The Scripps Institution of Oceanography is preparing to roll out hundreds of small, seafaring robotic explorers. If you're out for a swim and a robot tries to make friends with you, don't stand in the way of science!

The San Diego-based Scripps Institution recently got funding from the National Science Foundation to build and deploy legions of "autonomous underwater explorers," or AUEs. In the design given on the Scripps website, these devices look like small weather balloons with boom-box antennae rising from the top. The largest models would be about the size of a soccer ball.

The AUEs, according to Scripps researcher and project point-man Jules Jaffe, will be able to move and gather data independently, riding the ocean's subsurface currents. They'll be networked and capable of communicating with each other; they'll be sensitive to external conditions like temperature, pressure and salinity; and they'll be equipped with compressed-air canisters that they can use to regulate their own buoyancy.

In a presentation given this past summer, Jaffe talked about how these robots could be used to track algae blooms, monitor the dispersal patterns of microscopic larvae, and locate certain submerged items, like the black box from a downed plane. The initial distribution would take place off the California coast, but Jaffe used the word "global" a few times in his remarks, and it's clear that his ambitions for the project have a wider scope than just one area of the east-equatorial Pacific.

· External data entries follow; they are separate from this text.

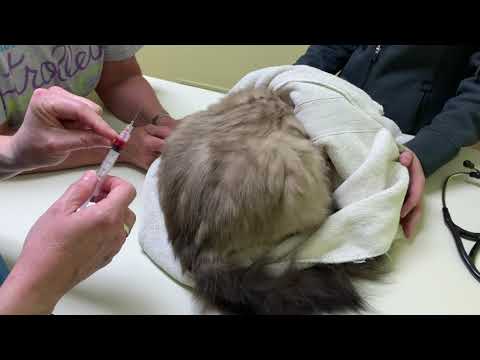 Transdermal B12 for Cats: How to Give a Cat a B12 Shot in Hind Leg Area
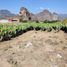  Land for sale in Tlayacapan, Morelos, Tlayacapan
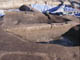 FileNo.083-012.jpg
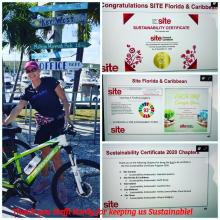 Steffi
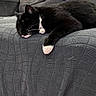 Luna is registered to the contest to win money with this photo: cat, black_and_white, sleeping, resting, couch, blanket, indoor, pet, feline, whiskers, paw, home, relaxation, fur, comfort, cozy, domestic, animal, closeup, quiet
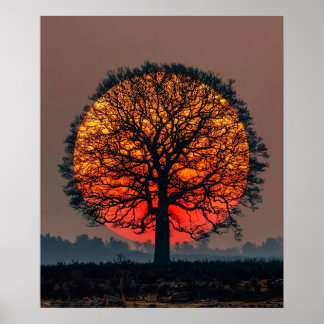 Poster Árvore Solitária ao Pôr do Sol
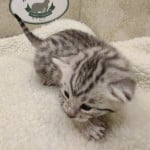 Mau Silver Female DOB 3-13-23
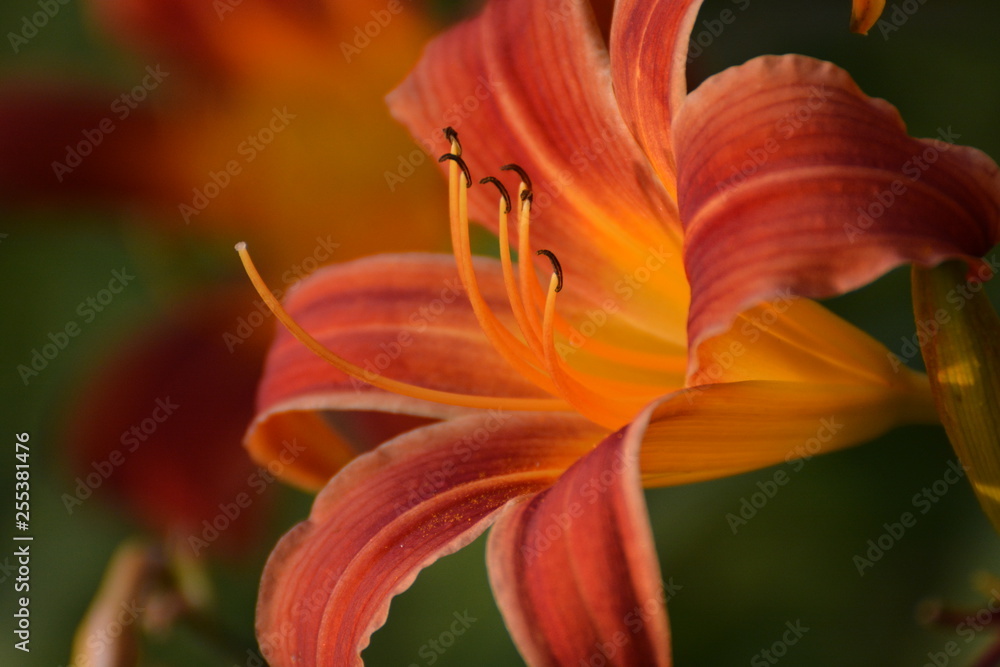 Obraz premium Orange Daylily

Who's building the AUEs? While the Scripps team will be responsible for the first wave of robots, Jaffe sees a day when middle school or high school students will be able to build their own working versions from a kit in the classroom. These homemade AUEs would be fully functional, and once they were assembled, they'd be sent out into the field to gather data. The students could then track the progress of their own robots through the ocean.

In the talk linked above, Jaffe also outlined his plan for rounding up the robots at the end of their missions:

We've gotta be pretty green, right? Because we don't want to be throwing stuff in the ocean. So my plan is, we offer [people] a hundred bucks for every one they get, and we're gonna give them the GPS coordinates. And we're gonna tell them, look, if you get these to me before I'm finished using them, I'm not gonna pay it. And I have a feeling you would get a lot of them back. I mean, it's a pretty good deal… I have a feeling, if you went out in a day, you'd probably make five hundred, a thousand bucks in a five-mile radius.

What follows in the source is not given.